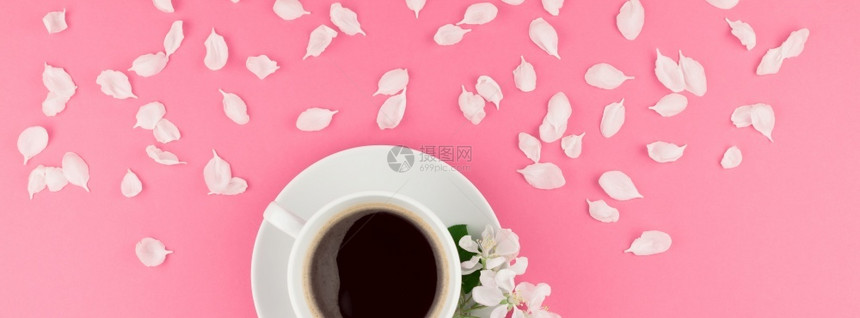 马克杯有创意的平坦概念顶端是咖啡杯和白苹果树花朵瓣放在面粉红背景上复制空间微小风格宽横幅爱多于图片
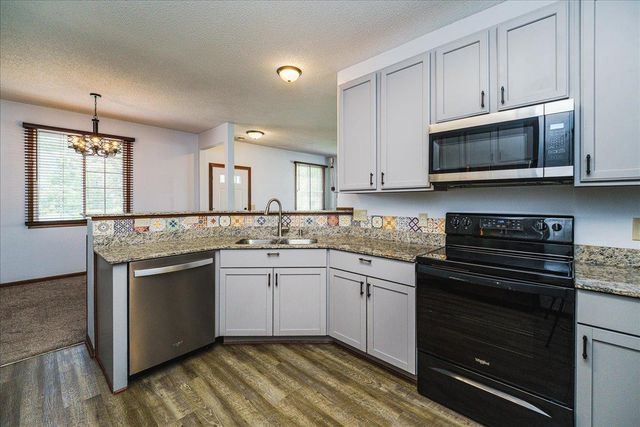 18037 96th Avenue N, Maple Grove, MN 55311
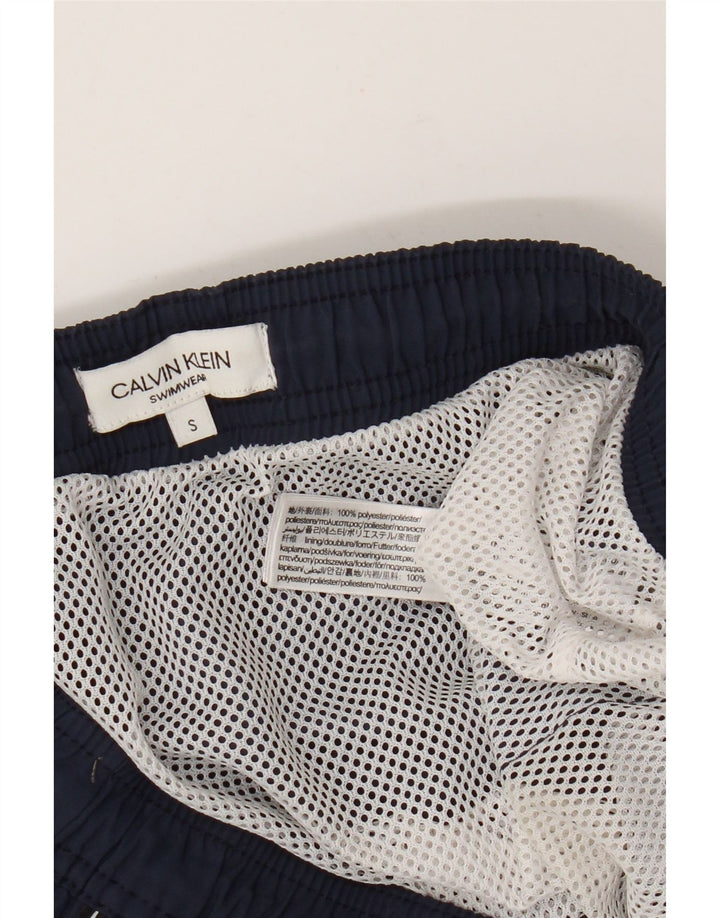 Calvin Klein Mens Graphic Bañador Shorts Pequeño Poliéster Azul Marino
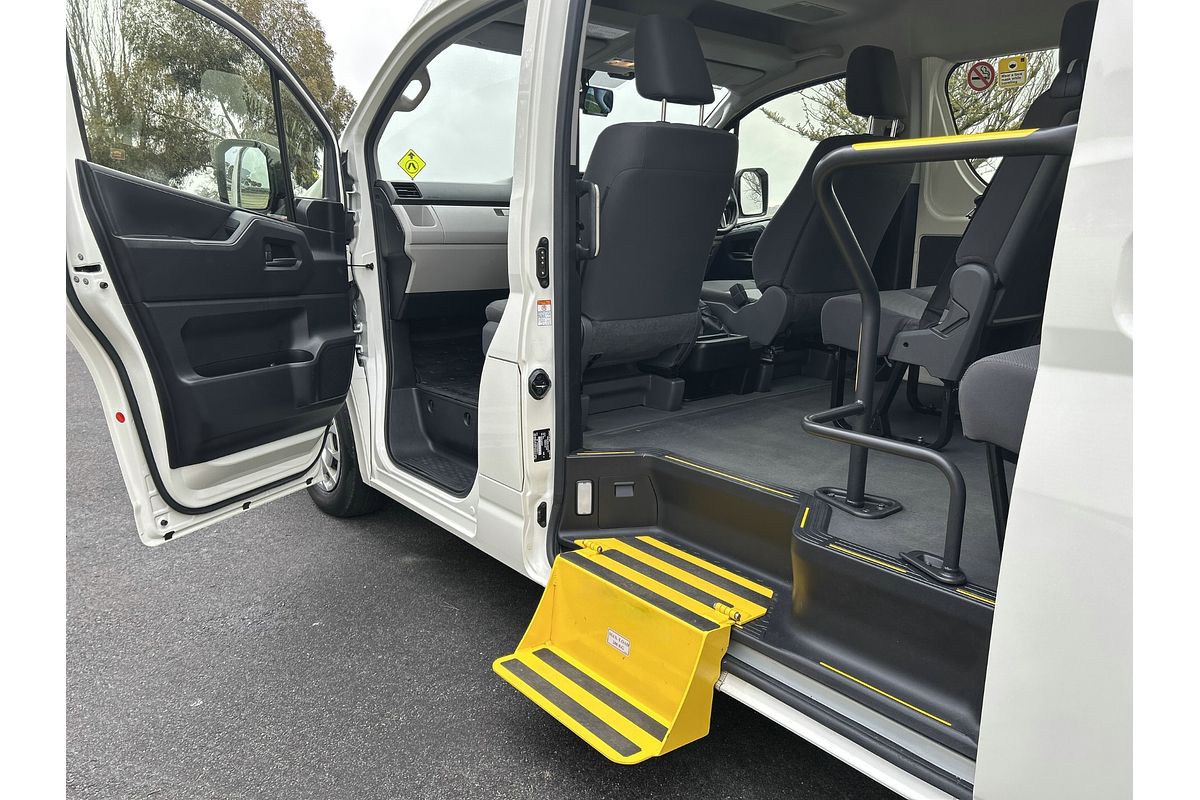 2019 Toyota Hiace Commuter GDH322R ELWB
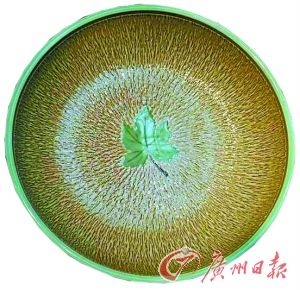 跳刀纹盘《秋》。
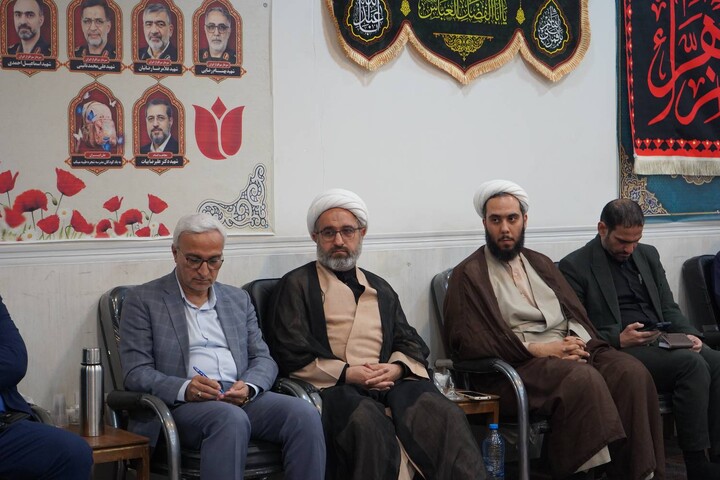 نشست برنامه ریزی ویژه برنامه ایام فاطمیه در شهرستان کارون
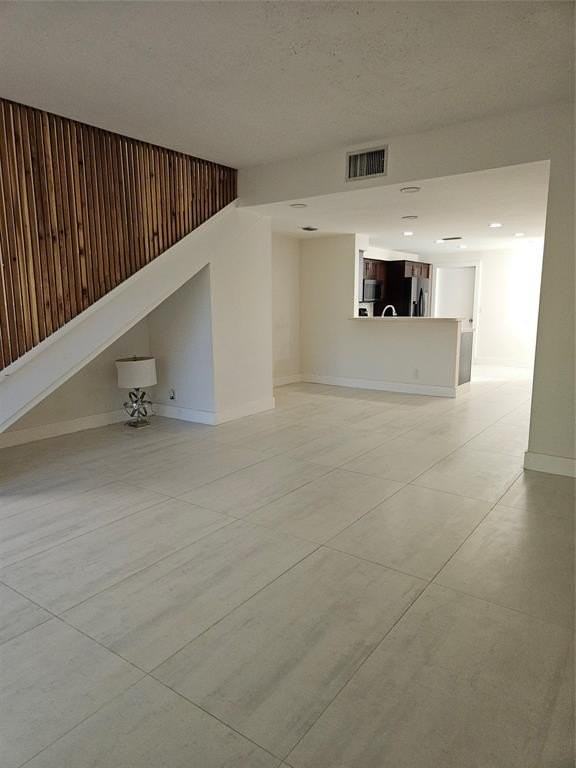 912 Sevilla Cir - Photo 2 of 13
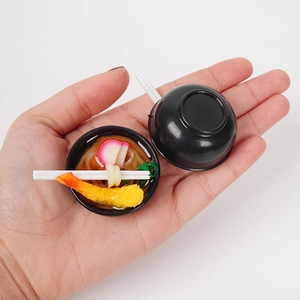 Portachiavi con cibo in miniatura con ciotola di ramen ai gamberetti realistica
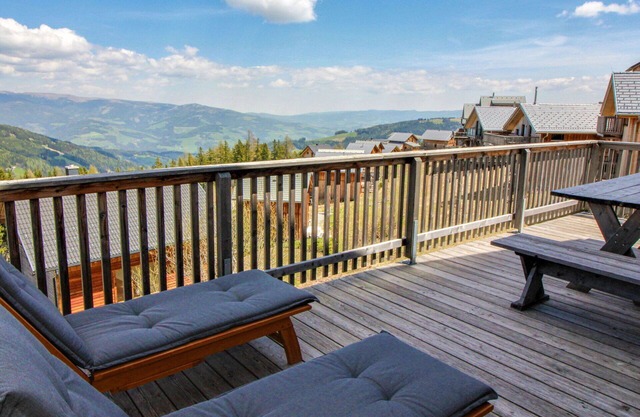 Stunning private villa for 8 people with hot tub, WIFI, TV, terrace, pets allowed and panoramic .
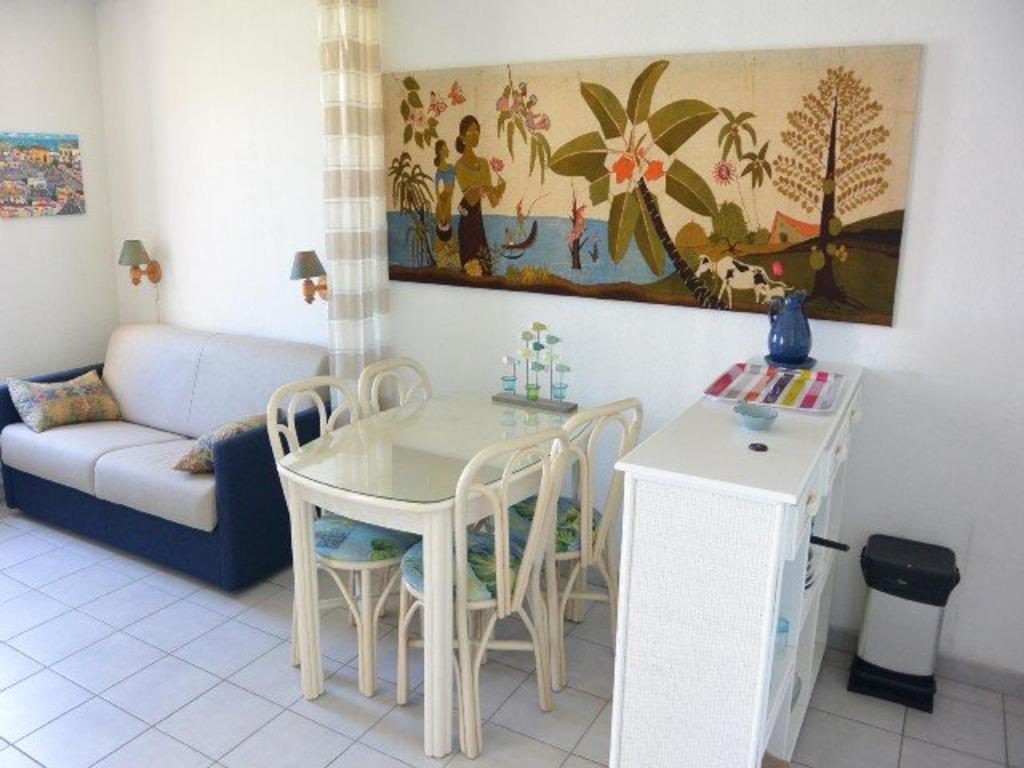 Charmant T2 avec Terrasse et Vue Mer à 50m de la Plage, Résidence avec Piscine - FR-1-607-11 - 5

---

• Your goal
Your output should consist solely of the lines from the line containing "Stunning private villa" through the end of the data above, copied exactly, with images removed.

• Written reply
 Stunning private villa for 8 people with hot tub, WIFI, TV, terrace, pets allowed and panoramic .
 Charmant T2 avec Terrasse et Vue Mer à 50m de la Plage, Résidence avec Piscine - FR-1-607-11 - 5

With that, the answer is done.